What does an AI ethicist do?
Microsoft was one of the earliest companies to begin discussing and advocating for an ethical perspective on artificial intelligence. The issue began to take off at the company in 2016, when CEO Satya Nadella spoke at a developer conference about how the company viewed some of the ethical issues around AI, and later that year published an article about these issues. Nadella’s primary focus was on Microsoft’s orientation toward using AI to augment human capabilities and building trust into intelligent products. The next year, Microsoft’s R&D head Eric Horvitz partnered with Microsoft’s president and chief legal officer Brad Smith to form Aether, a cross-functional committee addressing AI and ethics in engineering and research.
With these foundations laid, in 2018, Microsoft established a full-time position in AI policy and ethics. Tim O’Brien, who has been with Microsoft for 15 years as a general manager, first in platform strategy and then global communications, took on the role.

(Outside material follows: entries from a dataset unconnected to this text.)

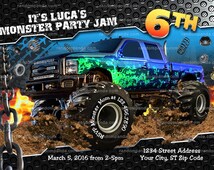 Unique big truck invitation related items | Etsy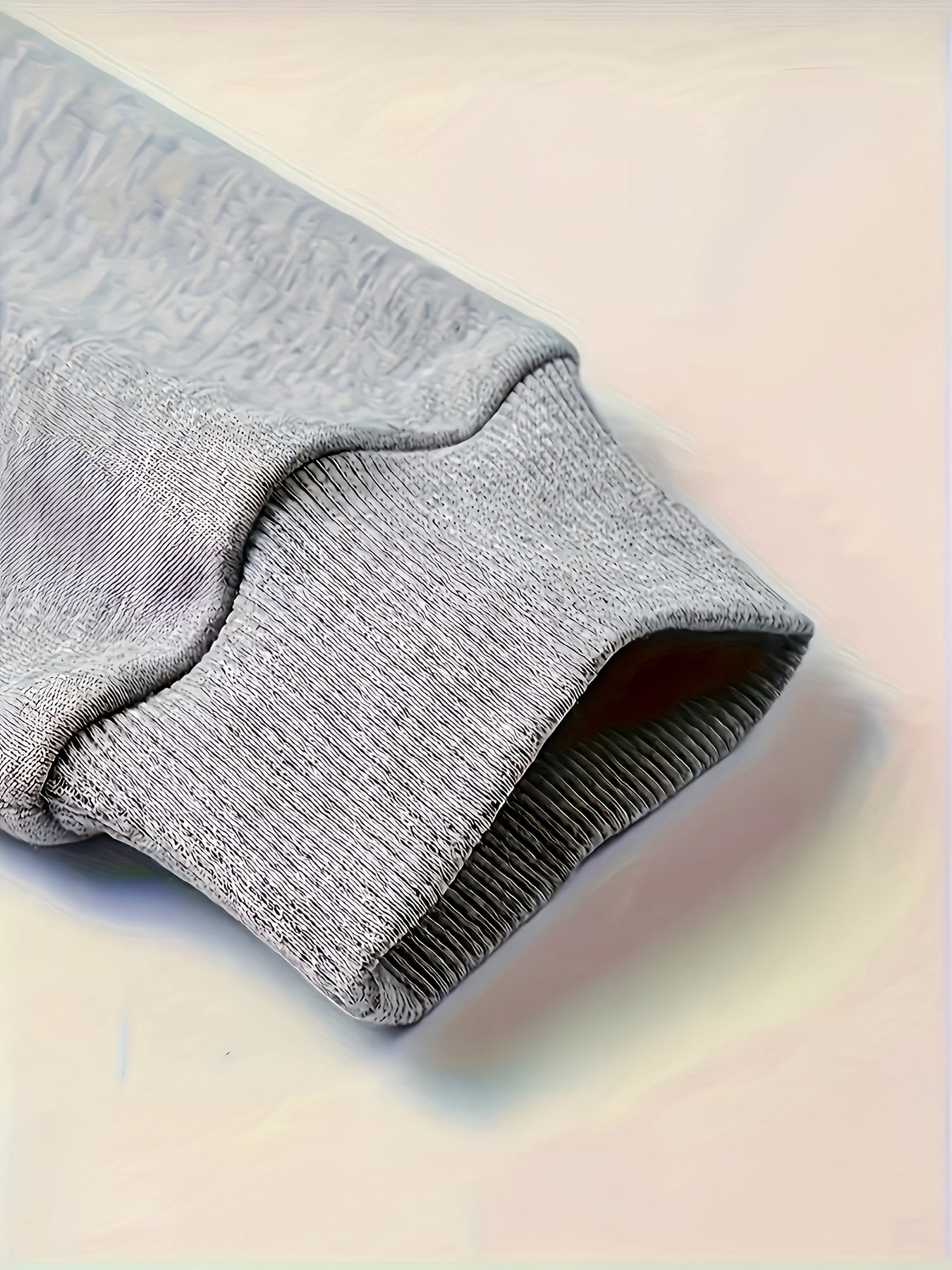 Men's Winter Fleece-Like Sweater Vest Jacket - Thickened Round Neck Long Sleeve Inner Layer, Machine Washable.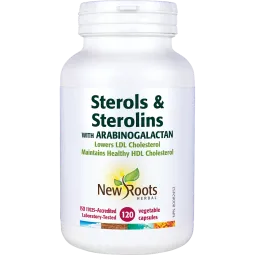 New Roots Sterols & Sterolins with Arabinogalactan 120 Capsules | 每天不同折扣, 全网最低价格 | 种类齐全的保健品店铺 VITASHOP, 只有你想不到, 没有你买不到 !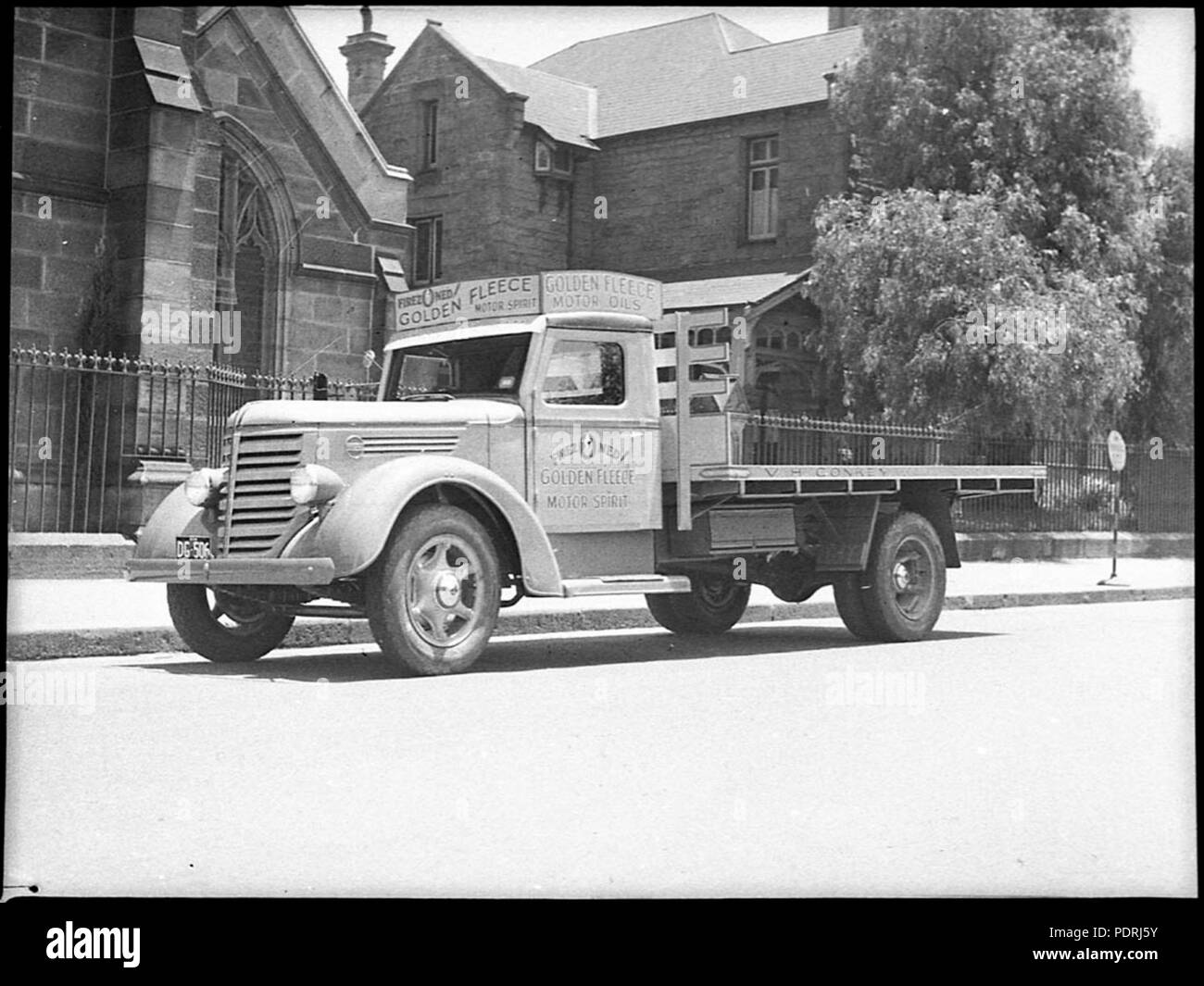 144 24513 SLNSW Federal Motor autocarro del vello d'Oro Foto Stock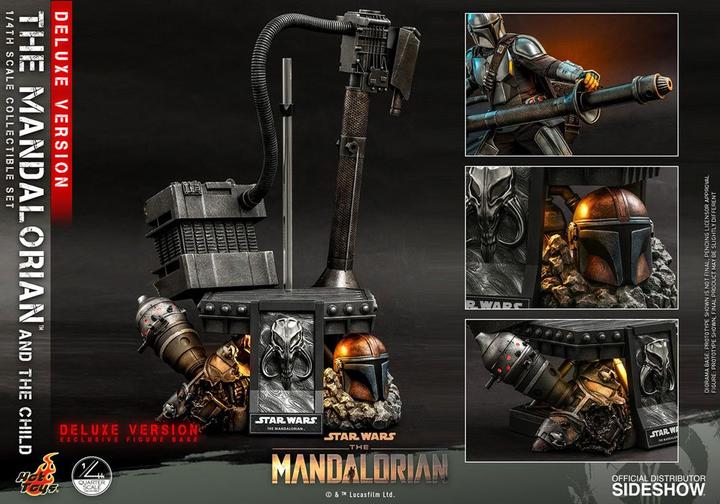 Produktbild Hot Toys Star Wars – The Mandalorian “The Mandalorian & The Child” Deluxe 1/4 Actionfiguren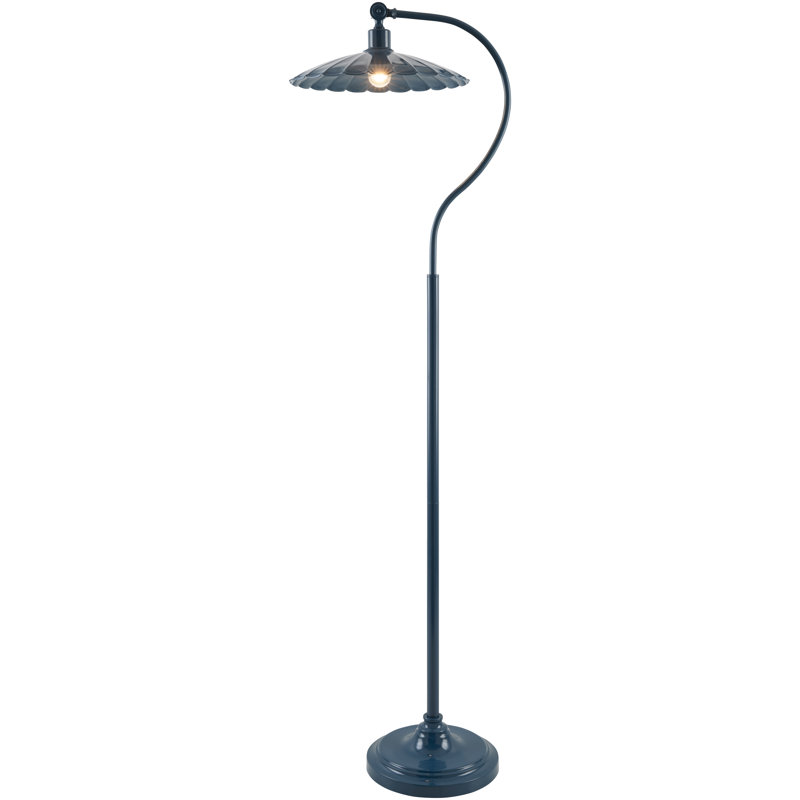 Laicey Floor Lamp, Navy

Of course, many organizations are increasingly paying attention to ethical issues around AI. In a 2018 Deloitte survey, 32% of AI-aware executives ranked the ethical risks of AI as one of their top three AI-related concerns. Microsoft and O’Brien are essentially bellwethers on this issue — the figurative sheep at the head of the flock — in creating a role focused on, as O’Brien puts it, AI ethics “advocacy and evangelism.”